-- What you are asked to do --
Repeat the listing that follows exactly. Pictures are not part of the copy.

-- Given data --
┏━━

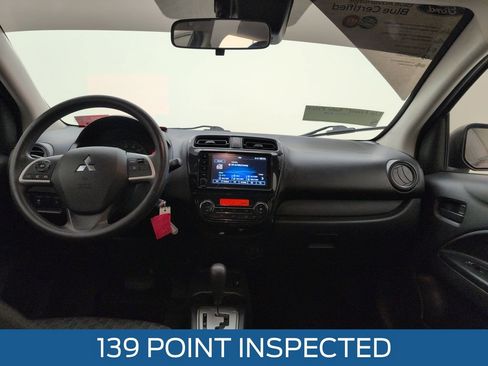 Used 2023 Mitsubishi Mirage LE FWD image 6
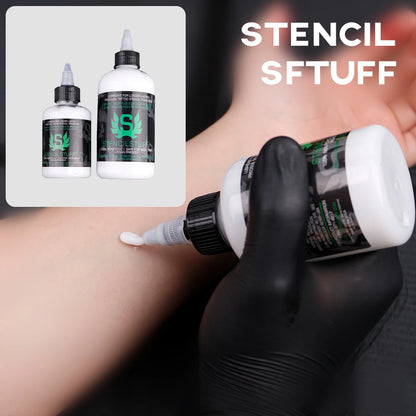 KVM 125/250ML Stencil Stuff Tattoo Stencil Transfer Gel Thermal Copier Stencil Application Solution Magic Gel Tattoo Accessories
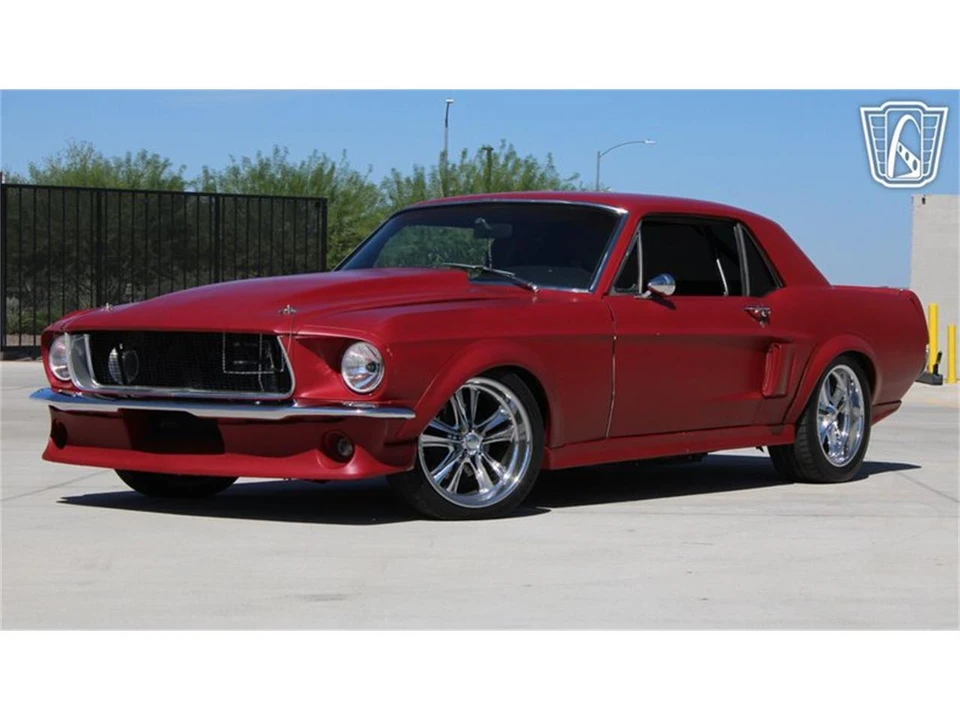 1967 Ford Mustang 1st Gen (1967-1968) - Image 3 of 31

┗━━

-- Response to this exercise --
 Used 2023 Mitsubishi Mirage LE FWD image 6
 KVM 125/250ML Stencil Stuff Tattoo Stencil Transfer Gel Thermal Copier Stencil Application Solution Magic Gel Tattoo Accessories
 1967 Ford Mustang 1st Gen (1967-1968) - Image 3 of 31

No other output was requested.